Your copy should match the records below exactly, except for the pictures.

[[ Given entries open ]]

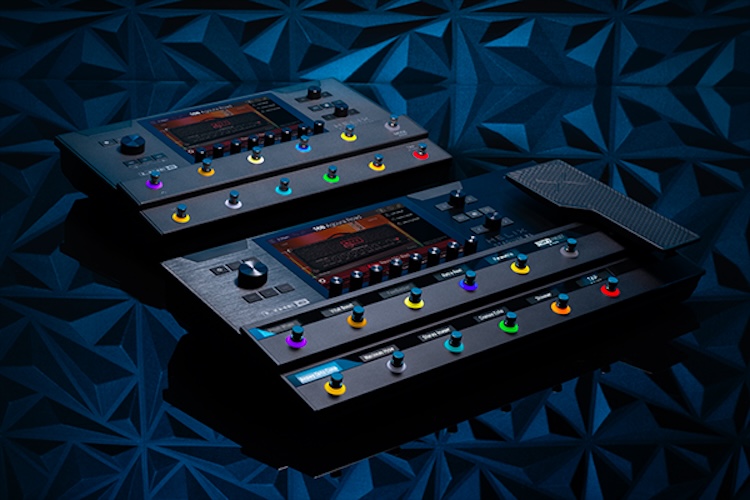 Line 6 Helix Stadium 750x500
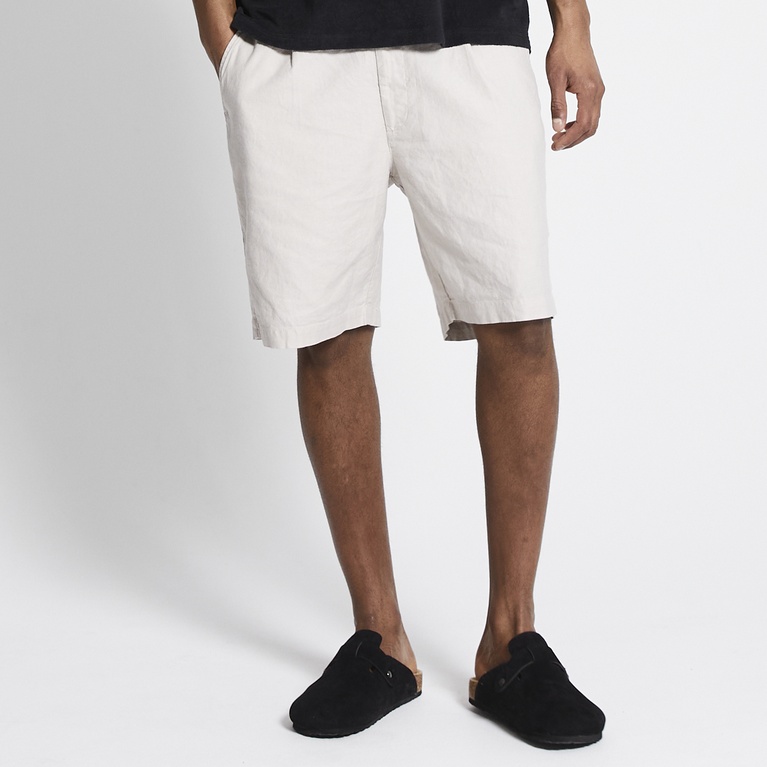 Linneshorts "Dawson"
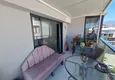 Affordable Purchase Two apartments for the price of one — a citizenship offer in Oba, Alanya 14 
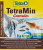 Корм д/рыб всех видов Tetra Min Granules, гранулы 15г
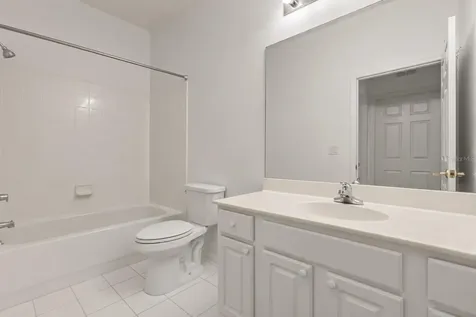 307 Heron Point Way Deland FL 32724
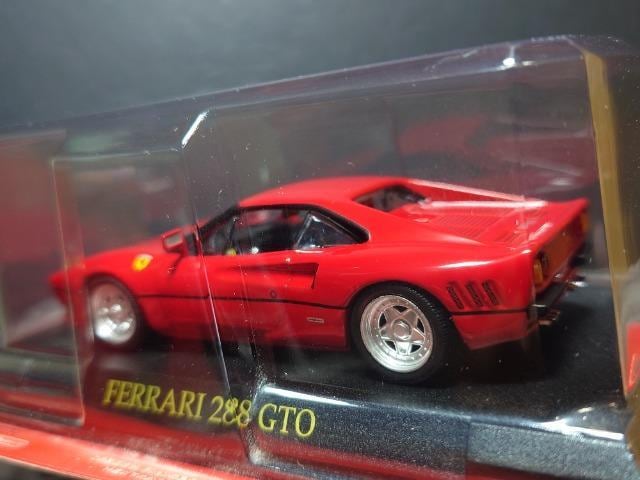 1:43AVFbgtF[RNVtF[QWWfsnJi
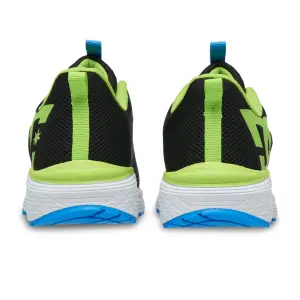 Dětské boty DC Shoes Roammax image-4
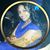 Julie Waddell's profile image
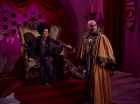 ariane179254_StarTrek_2x07_Catspaw_2337.jpg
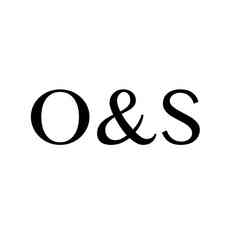 Onton&Stipon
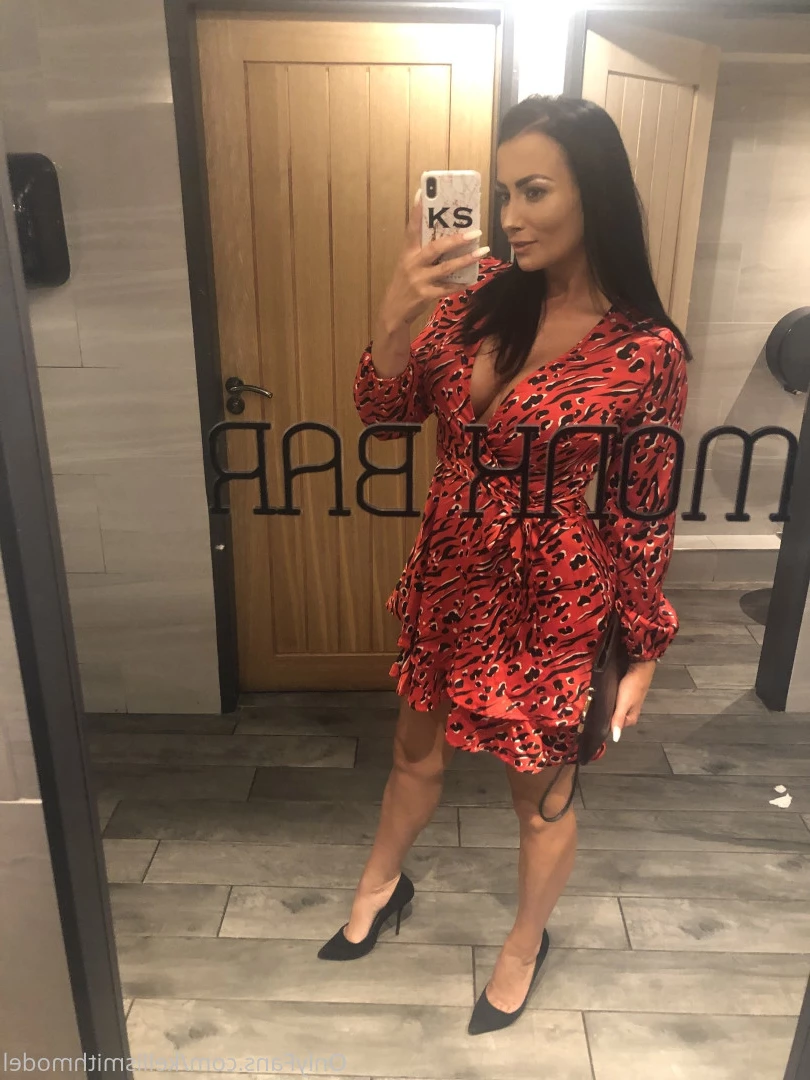 kelliSmith [ kellismithmodel ] Onlyfans leaked photo 7272475 on Hotleaks.tv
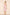 Women's Pink Floral Embroidered Lace Sleeveless Midi Bodycon Pencil Dress - Elegant and Comfy Bridesmaid Slim Fit for Weddings, Proms, Parties, and More - Elaina Fashion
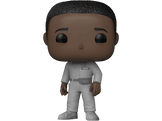 FUNKO UE Funko Pop: Aliens Romulus - Andy Funko Pop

[[ Given entries closed ]]

*Response to this task*
 Line 6 Helix Stadium 750x500
 Linneshorts "Dawson"
 Affordable Purchase Two apartments for the price of one — a citizenship offer in Oba, Alanya 14 
 Корм д/рыб всех видов Tetra Min Granules, гранулы 15г
 307 Heron Point Way Deland FL 32724
 1:43AVFbgtF[RNVtF[QWWfsnJi
 Dětské boty DC Shoes Roammax image-4
 Julie Waddell's profile image
 ariane179254_StarTrek_2x07_Catspaw_2337.jpg
 Onton&Stipon
 kelliSmith [ kellismithmodel ] Onlyfans leaked photo 7272475 on Hotleaks.tv
 Women's Pink Floral Embroidered Lace Sleeveless Midi Bodycon Pencil Dress - Elegant and Comfy Bridesmaid Slim Fit for Weddings, Proms, Parties, and More - Elaina Fashion
 FUNKO UE Funko Pop: Aliens Romulus - Andy Funko Pop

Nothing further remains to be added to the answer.